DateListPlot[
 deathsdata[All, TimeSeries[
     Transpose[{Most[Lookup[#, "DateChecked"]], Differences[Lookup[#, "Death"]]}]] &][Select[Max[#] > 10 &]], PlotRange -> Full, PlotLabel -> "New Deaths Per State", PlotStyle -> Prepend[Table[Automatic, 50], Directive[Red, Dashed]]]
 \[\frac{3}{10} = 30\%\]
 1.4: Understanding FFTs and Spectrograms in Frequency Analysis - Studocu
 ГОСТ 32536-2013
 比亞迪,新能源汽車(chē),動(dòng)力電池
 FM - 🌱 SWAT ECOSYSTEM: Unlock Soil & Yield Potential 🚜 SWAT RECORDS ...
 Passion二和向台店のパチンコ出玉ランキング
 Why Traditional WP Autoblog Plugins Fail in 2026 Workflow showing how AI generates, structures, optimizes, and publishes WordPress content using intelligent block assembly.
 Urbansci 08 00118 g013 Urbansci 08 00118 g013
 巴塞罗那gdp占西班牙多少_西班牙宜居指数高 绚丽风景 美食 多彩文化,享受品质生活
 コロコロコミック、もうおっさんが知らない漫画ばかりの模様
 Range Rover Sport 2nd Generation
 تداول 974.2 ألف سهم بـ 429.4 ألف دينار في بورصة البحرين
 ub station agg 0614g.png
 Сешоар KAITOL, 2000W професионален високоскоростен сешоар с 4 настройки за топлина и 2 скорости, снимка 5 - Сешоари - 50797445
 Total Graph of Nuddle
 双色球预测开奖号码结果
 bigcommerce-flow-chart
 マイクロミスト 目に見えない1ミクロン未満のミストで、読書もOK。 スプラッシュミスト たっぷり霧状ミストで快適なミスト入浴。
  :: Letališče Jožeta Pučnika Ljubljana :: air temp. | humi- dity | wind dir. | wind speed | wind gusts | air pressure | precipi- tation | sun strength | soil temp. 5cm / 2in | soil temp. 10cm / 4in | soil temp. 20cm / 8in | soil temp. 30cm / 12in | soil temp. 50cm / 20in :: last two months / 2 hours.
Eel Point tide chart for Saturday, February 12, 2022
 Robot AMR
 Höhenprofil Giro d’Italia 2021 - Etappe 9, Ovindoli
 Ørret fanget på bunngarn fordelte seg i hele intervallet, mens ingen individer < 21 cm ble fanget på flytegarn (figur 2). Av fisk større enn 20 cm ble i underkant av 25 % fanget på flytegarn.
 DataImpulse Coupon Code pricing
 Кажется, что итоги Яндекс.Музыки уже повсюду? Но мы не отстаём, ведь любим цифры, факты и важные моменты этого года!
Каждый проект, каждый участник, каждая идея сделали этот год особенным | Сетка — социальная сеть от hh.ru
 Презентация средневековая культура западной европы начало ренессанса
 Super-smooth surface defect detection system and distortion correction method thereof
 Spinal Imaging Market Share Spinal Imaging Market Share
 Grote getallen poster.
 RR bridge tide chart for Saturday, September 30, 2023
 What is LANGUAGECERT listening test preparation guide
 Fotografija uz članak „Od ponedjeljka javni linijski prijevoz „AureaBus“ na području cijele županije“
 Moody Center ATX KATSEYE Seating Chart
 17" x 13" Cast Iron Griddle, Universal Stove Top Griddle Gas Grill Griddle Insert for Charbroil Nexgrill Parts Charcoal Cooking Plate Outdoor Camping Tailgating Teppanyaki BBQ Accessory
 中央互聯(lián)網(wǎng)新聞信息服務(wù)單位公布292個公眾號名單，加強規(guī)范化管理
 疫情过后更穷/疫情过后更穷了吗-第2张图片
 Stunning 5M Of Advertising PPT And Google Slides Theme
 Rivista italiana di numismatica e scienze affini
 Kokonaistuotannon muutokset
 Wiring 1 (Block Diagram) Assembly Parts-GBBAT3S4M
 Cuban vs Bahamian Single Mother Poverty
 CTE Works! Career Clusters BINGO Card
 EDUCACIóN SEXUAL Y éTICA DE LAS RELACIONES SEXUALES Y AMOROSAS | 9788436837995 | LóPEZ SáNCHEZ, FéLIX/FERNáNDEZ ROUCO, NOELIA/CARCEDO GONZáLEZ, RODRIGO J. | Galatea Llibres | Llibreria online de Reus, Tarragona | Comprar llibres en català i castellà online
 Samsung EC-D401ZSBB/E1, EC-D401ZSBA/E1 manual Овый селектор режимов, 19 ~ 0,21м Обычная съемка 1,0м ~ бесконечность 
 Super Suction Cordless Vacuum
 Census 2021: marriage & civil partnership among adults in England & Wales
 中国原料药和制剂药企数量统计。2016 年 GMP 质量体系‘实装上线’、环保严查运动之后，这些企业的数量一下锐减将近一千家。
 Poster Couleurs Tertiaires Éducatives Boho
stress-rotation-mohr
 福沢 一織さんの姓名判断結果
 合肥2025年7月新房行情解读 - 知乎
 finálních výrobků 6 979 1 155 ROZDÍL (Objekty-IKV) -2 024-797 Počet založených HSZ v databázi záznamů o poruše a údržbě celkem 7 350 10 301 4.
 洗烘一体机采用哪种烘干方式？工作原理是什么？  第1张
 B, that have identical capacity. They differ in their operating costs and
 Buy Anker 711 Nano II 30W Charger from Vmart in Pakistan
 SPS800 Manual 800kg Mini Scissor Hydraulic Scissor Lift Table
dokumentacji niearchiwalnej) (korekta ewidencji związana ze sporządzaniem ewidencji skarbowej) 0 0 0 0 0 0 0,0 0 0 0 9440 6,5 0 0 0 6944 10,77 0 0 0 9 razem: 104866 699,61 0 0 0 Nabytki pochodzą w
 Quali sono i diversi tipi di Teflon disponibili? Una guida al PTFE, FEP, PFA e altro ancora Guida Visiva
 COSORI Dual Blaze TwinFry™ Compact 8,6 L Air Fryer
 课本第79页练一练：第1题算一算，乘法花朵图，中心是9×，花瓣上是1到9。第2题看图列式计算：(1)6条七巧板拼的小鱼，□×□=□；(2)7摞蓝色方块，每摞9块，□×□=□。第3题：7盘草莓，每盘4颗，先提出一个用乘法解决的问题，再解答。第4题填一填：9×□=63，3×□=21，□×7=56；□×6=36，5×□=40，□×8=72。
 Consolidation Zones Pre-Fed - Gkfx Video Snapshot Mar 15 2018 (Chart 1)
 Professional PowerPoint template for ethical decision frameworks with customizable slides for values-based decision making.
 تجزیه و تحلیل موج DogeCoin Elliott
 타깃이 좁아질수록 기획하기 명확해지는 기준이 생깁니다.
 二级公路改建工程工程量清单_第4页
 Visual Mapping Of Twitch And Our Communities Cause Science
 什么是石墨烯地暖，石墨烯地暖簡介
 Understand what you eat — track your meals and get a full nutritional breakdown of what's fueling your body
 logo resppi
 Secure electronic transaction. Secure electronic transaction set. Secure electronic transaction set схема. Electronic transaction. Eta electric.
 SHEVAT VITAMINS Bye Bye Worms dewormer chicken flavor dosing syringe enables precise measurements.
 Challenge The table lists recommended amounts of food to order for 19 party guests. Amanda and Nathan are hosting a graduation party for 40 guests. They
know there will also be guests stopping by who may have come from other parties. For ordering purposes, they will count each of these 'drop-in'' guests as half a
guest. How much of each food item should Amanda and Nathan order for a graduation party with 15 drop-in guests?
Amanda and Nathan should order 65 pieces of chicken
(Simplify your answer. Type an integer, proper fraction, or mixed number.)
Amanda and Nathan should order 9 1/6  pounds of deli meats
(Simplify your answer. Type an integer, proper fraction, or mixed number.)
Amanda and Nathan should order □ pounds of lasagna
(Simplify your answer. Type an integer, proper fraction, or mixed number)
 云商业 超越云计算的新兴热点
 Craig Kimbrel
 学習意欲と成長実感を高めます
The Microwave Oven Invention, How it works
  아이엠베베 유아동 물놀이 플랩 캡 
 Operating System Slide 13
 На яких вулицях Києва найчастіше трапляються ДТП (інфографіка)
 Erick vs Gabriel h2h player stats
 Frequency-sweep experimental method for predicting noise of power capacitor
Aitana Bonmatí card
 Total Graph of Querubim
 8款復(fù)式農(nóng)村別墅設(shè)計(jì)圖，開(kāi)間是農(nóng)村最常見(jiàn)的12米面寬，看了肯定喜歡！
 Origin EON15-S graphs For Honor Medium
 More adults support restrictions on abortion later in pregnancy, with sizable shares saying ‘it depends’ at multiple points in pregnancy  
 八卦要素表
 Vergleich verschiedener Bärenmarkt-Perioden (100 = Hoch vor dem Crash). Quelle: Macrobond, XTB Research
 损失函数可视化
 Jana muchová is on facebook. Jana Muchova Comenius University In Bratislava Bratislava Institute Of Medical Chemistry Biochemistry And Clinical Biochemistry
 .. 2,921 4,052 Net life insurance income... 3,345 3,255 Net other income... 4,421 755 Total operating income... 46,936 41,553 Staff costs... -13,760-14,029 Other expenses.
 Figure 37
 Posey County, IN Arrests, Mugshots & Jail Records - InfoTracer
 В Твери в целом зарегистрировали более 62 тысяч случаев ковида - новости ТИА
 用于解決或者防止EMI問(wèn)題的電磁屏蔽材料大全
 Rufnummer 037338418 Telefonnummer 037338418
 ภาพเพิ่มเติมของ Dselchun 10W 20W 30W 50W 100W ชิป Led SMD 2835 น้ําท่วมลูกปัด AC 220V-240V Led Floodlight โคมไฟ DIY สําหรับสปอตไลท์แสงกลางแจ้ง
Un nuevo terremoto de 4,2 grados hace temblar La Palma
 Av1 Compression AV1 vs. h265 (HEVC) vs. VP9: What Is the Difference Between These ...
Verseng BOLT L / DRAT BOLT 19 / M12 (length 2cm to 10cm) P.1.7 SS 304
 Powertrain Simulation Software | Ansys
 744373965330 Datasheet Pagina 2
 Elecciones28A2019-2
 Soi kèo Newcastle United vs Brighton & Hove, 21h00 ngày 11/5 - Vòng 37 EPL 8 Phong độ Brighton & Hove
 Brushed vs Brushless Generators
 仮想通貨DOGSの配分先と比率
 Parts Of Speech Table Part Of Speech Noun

-=-=-

Restate the listing exactly, starting at its first line and ending at the line where "bigcommerce-flow-chart" occurs; include both and no other lines.

■ Result of the task ■
DateListPlot[
 deathsdata[All, TimeSeries[
     Transpose[{Most[Lookup[#, "DateChecked"]], Differences[Lookup[#, "Death"]]}]] &][Select[Max[#] > 10 &]], PlotRange -> Full, PlotLabel -> "New Deaths Per State", PlotStyle -> Prepend[Table[Automatic, 50], Directive[Red, Dashed]]]
 \[\frac{3}{10} = 30\%\]
 1.4: Understanding FFTs and Spectrograms in Frequency Analysis - Studocu
 ГОСТ 32536-2013
 比亞迪,新能源汽車(chē),動(dòng)力電池
 FM - 🌱 SWAT ECOSYSTEM: Unlock Soil & Yield Potential 🚜 SWAT RECORDS ...
 Passion二和向台店のパチンコ出玉ランキング
 Why Traditional WP Autoblog Plugins Fail in 2026 Workflow showing how AI generates, structures, optimizes, and publishes WordPress content using intelligent block assembly.
 Urbansci 08 00118 g013 Urbansci 08 00118 g013
 巴塞罗那gdp占西班牙多少_西班牙宜居指数高 绚丽风景 美食 多彩文化,享受品质生活
 コロコロコミック、もうおっさんが知らない漫画ばかりの模様
 Range Rover Sport 2nd Generation
 تداول 974.2 ألف سهم بـ 429.4 ألف دينار في بورصة البحرين
 ub station agg 0614g.png
 Сешоар KAITOL, 2000W професионален високоскоростен сешоар с 4 настройки за топлина и 2 скорости, снимка 5 - Сешоари - 50797445
 Total Graph of Nuddle
 双色球预测开奖号码结果
 bigcommerce-flow-chart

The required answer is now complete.